Lift out, unaltered, the lines of the material below between the line holding "adidas Yeezy 700 V3 Kyanite Size 9" and the line holding "Vidéo - Grand", counting both.

________________________

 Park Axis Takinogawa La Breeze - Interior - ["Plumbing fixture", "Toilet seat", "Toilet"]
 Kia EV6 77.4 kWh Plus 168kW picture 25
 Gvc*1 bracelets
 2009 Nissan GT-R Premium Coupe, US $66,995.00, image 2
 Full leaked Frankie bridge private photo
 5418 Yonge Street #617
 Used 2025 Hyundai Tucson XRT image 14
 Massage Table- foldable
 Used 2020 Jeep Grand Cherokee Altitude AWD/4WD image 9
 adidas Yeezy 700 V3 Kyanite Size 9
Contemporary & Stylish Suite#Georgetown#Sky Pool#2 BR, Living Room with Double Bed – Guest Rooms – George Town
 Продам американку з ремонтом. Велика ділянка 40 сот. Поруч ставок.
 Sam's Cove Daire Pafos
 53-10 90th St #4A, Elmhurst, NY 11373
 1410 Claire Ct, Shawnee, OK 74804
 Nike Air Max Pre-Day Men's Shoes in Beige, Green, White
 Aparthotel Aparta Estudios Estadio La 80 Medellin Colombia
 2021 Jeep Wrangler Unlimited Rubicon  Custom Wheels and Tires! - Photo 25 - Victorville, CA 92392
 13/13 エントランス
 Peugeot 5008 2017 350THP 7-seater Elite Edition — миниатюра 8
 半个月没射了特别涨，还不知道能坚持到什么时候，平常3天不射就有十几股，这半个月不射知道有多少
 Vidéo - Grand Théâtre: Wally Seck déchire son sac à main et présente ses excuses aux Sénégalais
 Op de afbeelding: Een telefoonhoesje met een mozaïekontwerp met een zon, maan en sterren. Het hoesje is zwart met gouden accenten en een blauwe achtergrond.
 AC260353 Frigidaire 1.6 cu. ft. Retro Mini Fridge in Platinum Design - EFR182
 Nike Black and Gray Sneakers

________________________

• Solved problem:
 adidas Yeezy 700 V3 Kyanite Size 9
Contemporary & Stylish Suite#Georgetown#Sky Pool#2 BR, Living Room with Double Bed – Guest Rooms – George Town
 Продам американку з ремонтом. Велика ділянка 40 сот. Поруч ставок.
 Sam's Cove Daire Pafos
 53-10 90th St #4A, Elmhurst, NY 11373
 1410 Claire Ct, Shawnee, OK 74804
 Nike Air Max Pre-Day Men's Shoes in Beige, Green, White
 Aparthotel Aparta Estudios Estadio La 80 Medellin Colombia
 2021 Jeep Wrangler Unlimited Rubicon  Custom Wheels and Tires! - Photo 25 - Victorville, CA 92392
 13/13 エントランス
 Peugeot 5008 2017 350THP 7-seater Elite Edition — миниатюра 8
 半个月没射了特别涨，还不知道能坚持到什么时候，平常3天不射就有十几股，这半个月不射知道有多少
 Vidéo - Grand Théâtre: Wally Seck déchire son sac à main et présente ses excuses aux Sénégalais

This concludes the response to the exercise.